How to cite this article:
Nagarajan K. Living your yoga. Int J Yoga 2016;9:178-9

How to cite this URL:
Nagarajan K. Living your yoga. Int J Yoga [serial online] 2016 [cited 2023 Mar 30];9:178-9. Available from: https://www.ijoy.org.in/text.asp?2016/9/2/178/183708


Author: Dr. Judith Hanson Lasater, Ph. D., P.T.

Year: 2015

Publisher: Rodmell Press, Berkeley, California



The author of the book Dr. Judith Hanson Lasater is a Yoga teacher, with more than four decades of experience from California. She is also the author of several Yoga books pertaining to lifestyle adaptations through yogic principles and practices. This book addresses yogic practices to be cultivated for personal growth to live in harmony with nature catering to healthy internal and external environment.

The book is in three parts. The author discusses the qualities to be cultivated under each part with reference to Patanjali's Yoga Sutras and Bhagavad-Gita, quoting the relevant verses. The ways to cultivate the qualities (such as love and compassion) and relevant mantras for daily living are given for each quality. She has shared her personal experience, some stories, and illustrations under each quality.

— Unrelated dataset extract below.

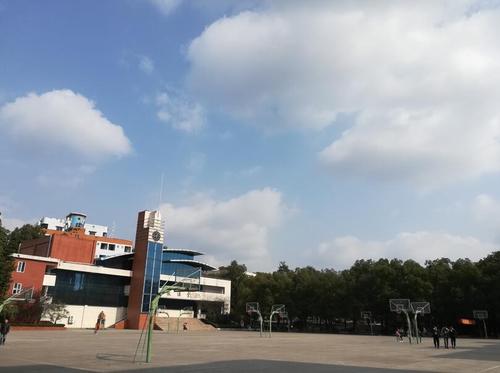 看看这六十章，谱写了今天辉煌的_800个单词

The first part speaks concerning awareness of internal disciplines and qualities to be cultivated for bringing in such disciplines. These practices make our actions conducive to personal growth.

To abide in our own self is to be present with a sense of fullness and to create a loving environment without self-judgment. As a means to abide in our own true nature, we must commit to develop awareness by observing our lives, our thoughts, our words, and our actions. This is in line with Patanjali's aphorism tada drashtuh svarupe avasthanam (Yoga Sutra 1.3) implying when we come to realize our true nature we are free from miseries.

To observe our bodily sensations and the breath means to consciously relax our body and slow down our breath. When we are relaxed we see things as they are. When we are in relaxation, it gives room for expansion, coinciding with the infinite. This helps us to love others and ourselves without any expectations. This state makes us witness our own thoughts and not be carried away by them. It helps to develop faith and a willingness to accept reality.

Elaborating Patanjali and Bhagavad-Gita, the author explains abhyasa and vairagya. Abhyasa is doing everything intimately present in each and every moment, not performing actions mechanically without inner transformations. Vairagya is letting go which is an act of surrender. This, as per the author, is the key to living in yoga.

It is possible to extend this thinking bringing in the importance of practice. Instead of just witnessing our thoughts, we identify the mind and its modifications. We become one with the flow of thoughts. Hence, abhyasa is important which is constant inner practice and vairagya, the act of detachment.

The second part speaks about remaining truly open and aware of intimate relationships.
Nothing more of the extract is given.